Jewish day schools are highly competitive, client-focused organisations. On the one hand, that competition can make them prepared to go the extra distance to meet the individual needs of students and to respond to parental concerns.
On the other hand, selling education through customer focus is not always in the best interests of students. Parent-pleasing doesn’t always give children the distance they need to develop. Attention to how a school is perceived by current and potential customers is a barrier to acknowledging and addressing problems.
A superficial and short-term focus on reputation is a foolish, damaging and dangerous strategy. It is foolish because it doesn’t work.
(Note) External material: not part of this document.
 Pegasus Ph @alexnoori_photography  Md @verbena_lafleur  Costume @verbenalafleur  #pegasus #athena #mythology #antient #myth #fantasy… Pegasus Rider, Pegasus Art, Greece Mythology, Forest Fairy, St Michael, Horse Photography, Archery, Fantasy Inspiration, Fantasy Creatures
In a community where information spread is efficient and impossible to control, it was always inevitable that the reason a Scopus teacher had left would become widely known.
It is damaging because everything a school does has an educative outcome, whether intentionally or otherwise. The response to a misconduct case must demonstrate a school’s commitment to rooting out offenders. Anything less will educate students - and teachers - in the opposite.
It is dangerous because we know abuse and bullying thrive, paradoxically, in situations where institutions fail to acknowledge their existence.
Schools, and religious schools, in particular, are vulnerable places because they are places where adults have power over children and therefore the opportunity to misuse it.
Throw reputational concerns into the mix, and the dangers increase. As the Report of the Royal Commission into Institutional Responses to Child Sexual Abuse noted, “an institution that prioritises its reputation over the care and safety of children creates barriers for victims to disclose harm and for bystanders to report concerns.”
The Jewish community has not suffered from the widespread cases of misconduct, physical or sexual abuse seen in some other religious frameworks, notably the Catholic system. We are a less hierarchical religion, we have a healthier attitude to – at least heterosexual – sex, and we have a culture that teaches our children to ask questions and speak up.
But we are not immune. In recent years allegations of misconduct of various kinds have been made against individuals in several Jewish schools or communal organisations.
The response to a misconduct case must demonstrate a school’s commitment to rooting out offenders. Anything less will educate students - and teachers - in the opposite.
The most extreme cases – those which have reached the criminal courts – have occurred in ultra-Orthodox sections of Melbourne’s Jewish community, which have stronger power structures and more of a culture of submission and shame.
Shame is always a problematic emotion, but it is particularly unhelpful as an organisational response to misconduct because it aggravates the pressure towards secrecy.
In the Jewish community, the pressure to guard institutional reputation is aggravated by fear of the non-Jewish response to anything that makes Jews imperfect citizens. Keeping under the radar has become a Jewish habit in a hostile world.
But misconduct in relation to children is not a situation where no news is good news. Whether it is schoolyard bullying, teacher impropriety or sustained exploitation, abuse happens. The appropriate response is relief a case has come to light, frank disclosure, and renewed efforts to minimise future cases.